The data:
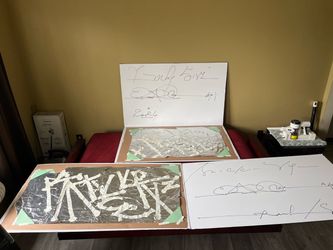 RETNA ORIGINAL ART | Signed | COA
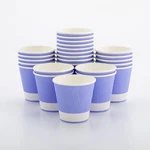 Disposable Coffee Cups 8OZ Double Wall Light Purple Restaurantware New. Price: $179.99.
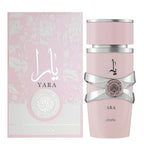 ! Oferta ! Perfume YARA ROSA de Lataffa. 100 ml. Perfume árabe mujer. ALTA PERFUMERÍA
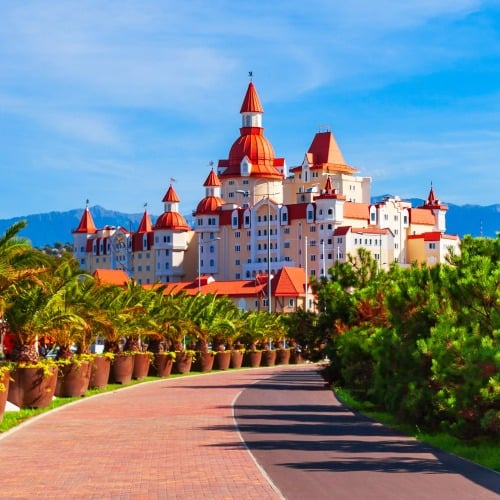 Круизы из Сочи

Exercise brief: Restate the material word for word; no picture should appear in the copy.

Exercise result:
 RETNA ORIGINAL ART | Signed | COA
 Disposable Coffee Cups 8OZ Double Wall Light Purple Restaurantware New. Price: $179.99.
 ! Oferta ! Perfume YARA ROSA de Lataffa. 100 ml. Perfume árabe mujer. ALTA PERFUMERÍA
 Круизы из Сочи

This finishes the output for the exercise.